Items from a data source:
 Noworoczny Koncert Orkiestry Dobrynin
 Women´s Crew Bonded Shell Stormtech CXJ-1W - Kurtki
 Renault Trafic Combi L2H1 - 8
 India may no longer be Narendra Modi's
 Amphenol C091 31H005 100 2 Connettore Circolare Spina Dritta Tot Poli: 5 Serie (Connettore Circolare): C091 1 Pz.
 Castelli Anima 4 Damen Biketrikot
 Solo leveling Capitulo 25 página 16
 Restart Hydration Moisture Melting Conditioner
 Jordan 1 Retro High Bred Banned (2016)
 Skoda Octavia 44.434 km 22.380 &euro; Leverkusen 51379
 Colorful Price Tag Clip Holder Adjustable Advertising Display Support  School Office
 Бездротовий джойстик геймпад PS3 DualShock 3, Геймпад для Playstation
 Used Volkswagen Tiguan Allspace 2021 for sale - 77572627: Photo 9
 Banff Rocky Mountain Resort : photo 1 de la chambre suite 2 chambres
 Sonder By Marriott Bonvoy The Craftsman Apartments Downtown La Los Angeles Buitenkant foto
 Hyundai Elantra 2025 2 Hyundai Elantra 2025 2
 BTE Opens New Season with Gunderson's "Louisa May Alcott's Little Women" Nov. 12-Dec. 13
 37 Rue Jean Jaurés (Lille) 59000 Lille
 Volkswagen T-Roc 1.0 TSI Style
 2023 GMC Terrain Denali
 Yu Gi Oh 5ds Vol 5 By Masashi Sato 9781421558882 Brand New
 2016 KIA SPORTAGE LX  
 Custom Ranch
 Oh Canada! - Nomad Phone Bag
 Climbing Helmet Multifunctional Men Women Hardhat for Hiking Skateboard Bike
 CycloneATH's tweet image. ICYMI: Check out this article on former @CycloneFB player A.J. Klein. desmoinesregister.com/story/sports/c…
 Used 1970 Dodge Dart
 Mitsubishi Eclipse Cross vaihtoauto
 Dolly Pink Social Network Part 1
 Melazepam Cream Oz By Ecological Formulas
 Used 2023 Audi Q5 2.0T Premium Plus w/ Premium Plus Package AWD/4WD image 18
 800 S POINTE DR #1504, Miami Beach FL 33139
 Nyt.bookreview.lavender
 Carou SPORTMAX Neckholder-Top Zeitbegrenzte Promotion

§ **Task**: All that is wanted is the line with "800 S POINTE DR #1504, Miami Beach FL 33139" and every later line in the entries, reproduced exactly.

§ **Exercise answer**:
 800 S POINTE DR #1504, Miami Beach FL 33139
 Nyt.bookreview.lavender
 Carou SPORTMAX Neckholder-Top Zeitbegrenzte Promotion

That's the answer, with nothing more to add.